Test of independence for cooperative spectrum sensing with uncalibrated receivers

In cooperative spectrum sensing networks the sensing nodes are often assumed to have the same noise power level. However, the different secondary users (SUs) could experience different temperatures, have receiver chains with different characteristics or even with a completely different architecture. Therefore, it is unlikely that they experience exactly the same noise power. In this paper we study the problem of cooperative spectrum sensing in cognitive radio (CR) networks, focusing on the case where the receivers experience different levels of noise power (uncalibrated receivers). We propose the independence test and compare it with the popular sphericity test. The independence test is in fact the generalized likelihood ratio (GLR) when the SUs are uncalibrated. We address in particular the threshold setting problem under a Neyman-Pearson framework.
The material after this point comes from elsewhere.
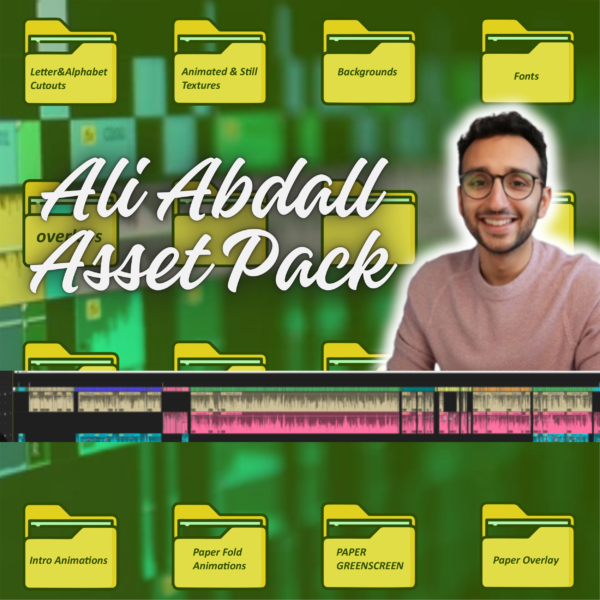 Ali Abdal's Ultimate Video Editing Asset Pack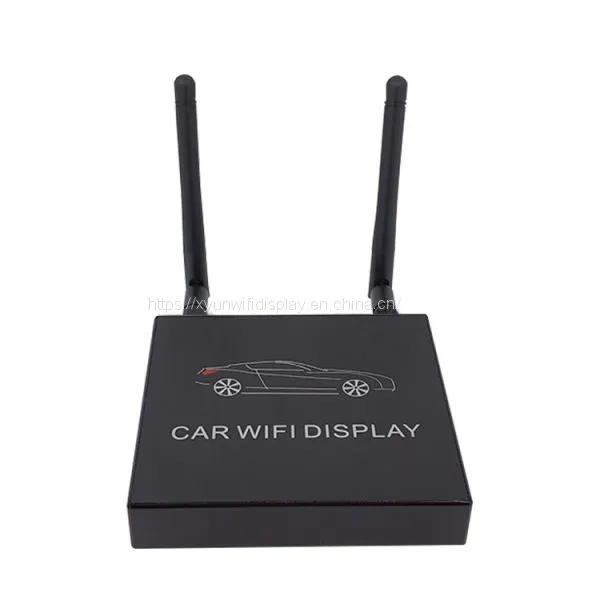 NEW Design Shezhen Factory Price 5G Car Wifi Display for Car Audio Video Interface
In order to reduce the complexity of the analysis, we approximate the test metrics as beta distributed random variables (r.v.s), by using a moment-matching approach. We provide simple and analytically tractable expressions for the computation of the probability of false alarm and for setting the decision threshold. Numerical simulations show that these approximated forms match very well the empirical distributions, allowing a very precise estimation of the probability of false alarm. In cooperative spectrum sensing with uncalibrated receivers the independence test is shown to be robust to strong imbalances of the noise power level.